15H00-16H00 SESSION 3: ACTUARIAL SCIENCES 

Julie Huyghe (ULB): Performance curves and Autocalibration 

Abstract:

Performance curves (Lorenz Curve & Concentration Curve) are used to compare the performances of different models. It appears that the fact that these curves coincide is equivalent to the important concept of autocalibration (Gneiting, 2010; Kruger & Ziegel 2019). This allows us to build a testing procedure for autocalibration (paper in progress). An autocalibrated predictor is desirable in any setting where a global balance is desirable, that is, where it is important that the sum of estimates does not deviate too much from the sum of actual observations at both the entire data base level and more locally, in meaningful classes.
Moreover, under auto-calibration, forecast dominance reduces to convex order and the Gini index as well as the ICC (integrated concentration curve) gives strictly consistent scoring rules, which is not the case in general.


Charlotte Jamotton (UCLouvain): Insurance analytics with clustering techniques

Abstract:

The k-means algorithm and its variants are well-known clustering techniques.

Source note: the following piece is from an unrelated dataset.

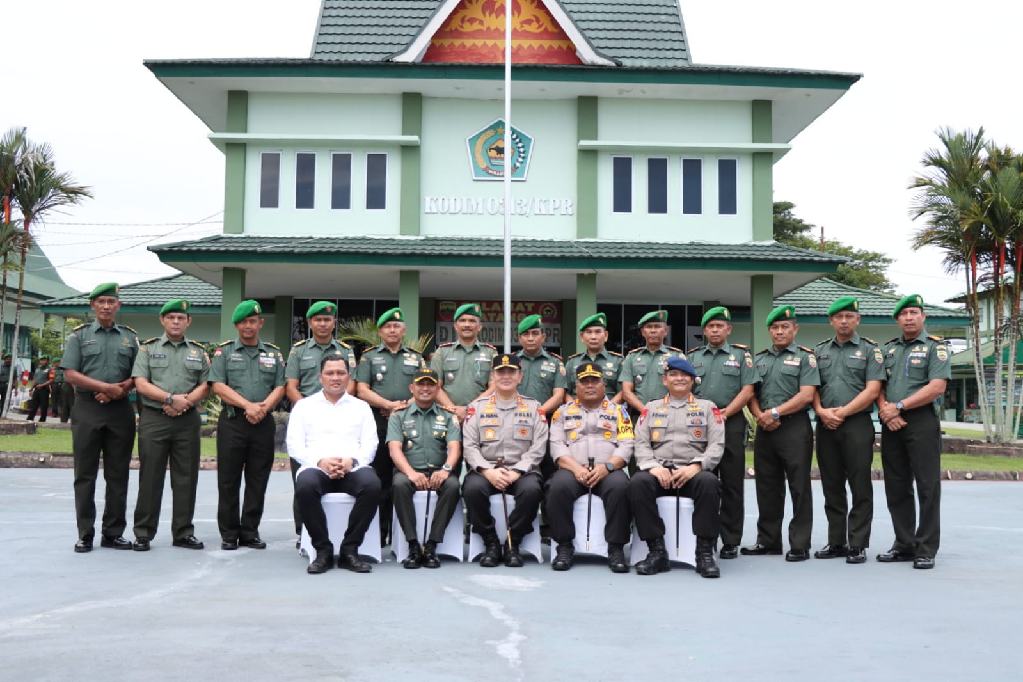 Sinergitas TNI-Polri, Kapolda Riau Kunjungi Kodim 0313/KPR dan Yonif 132/BS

In actuarial applications, these partitioning methods can be used to detect clusters of policies with similar characteristics. The resulting partition then provides an actuarial framework on the basis of which a map of dominant risks can be drawn up. Despite being a well-studied area, clustering has not been the subject of much focused actuarial research. The aim of this research paper is to adapt well-established clustering methods to complex insurance datasets that contain both categorical and numerical variables. To that end, we develop a novel approach based on Burt distance. The first part of this paper starts with a review of the k-means algorithm to lay the foundations for our Burt framework. The second part extends the scope of application of the mini-batch and fuzzy versions of the k-means to insurance data. The last part shifts the focus to spectral clustering, a technique based on graph theory that allows for non-convex cluster shapes. For large-scale datasets, we propose a prior reduction of the data using our Burt-adapted k-means to work around the computational complexity.